Art Metropole and No Music are pleased to announce this new, specially priced double CD, containing both performances. Two hours of experimental free-improvisation by four world-renowned sound artists!

Paul Dutton – vocals
Christian Marclay – turntables
John Oswald – saxophone
Michael Snow – keyboards

2 CD set $20.00 Cdn


CCMC. ‘Free music orchestra’ formed in 1974 in Toronto as the Canadian Creative Music Collective. Only the abbreviation was in use by 1978. Defining itself as ‘a composing ensemble… united by a desire to play music that is fluid, spontaneous, and self-regulating,’ the CCMC, by its instrumentation, by the backgrounds of several of its founders, and by the improvised nature of its music, was initially aligned with the free jazz community.

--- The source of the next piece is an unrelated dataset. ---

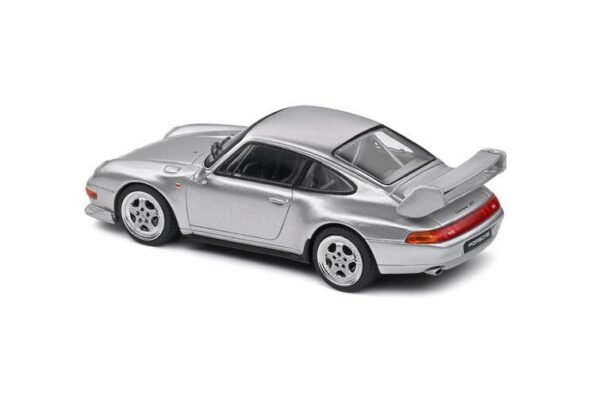 Porsche 911 RS Clubsport 1994 Grijs - Afbeelding 3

Its original members were Peter Anson (guitar and later synthesizer); Graham Coughtry (trombone); Larry Dubin (percussion); Greg Gallagher (saxophones); Nobuo Kubota (saxophones); Allan Mattes (bass, bass guitar, electronics); Casey Sokol (piano); Bill Smith (saxophones); and Michael Snow (piano, trumpet, guitar, analogue synthesizer). Gallagher, Coughtry and Smith left 1976-7, Dubin died in 1978 and Anson departed in 1979. The remaining quartet was augmented by the drummer John Kamevaar in 1981. Sokol left in 1988, Kubota in 1991 and Damevaar and Mattes in 1994, and the vocalist Paul Dutton became a member in 1989 and John Oswald (alto sax) as of 1994. The CCMC began moving toward improvised electroacoustic music: instrumentation in 1990 comprised guitar-synthesizer and double bass (Mattes); wind synthesizer (Kubota); tapes and live electronic sampling (Kamevaar); voice (Dutton and Kubota); and piano (Snow).

After early performances in private, the CCMC established the Music Gallery in 1976, performing there on a twice-weekly basis until 1983, and later weekly. CCMC members were responsible for the gallery’s operation until 1987 – Anson and Mattes 1976-80, Mattes alone thereafter – and established the Music Gallery Editions record label and Musicworks. After 2000, the CCMC’s relationship with the Music Gallery ceased.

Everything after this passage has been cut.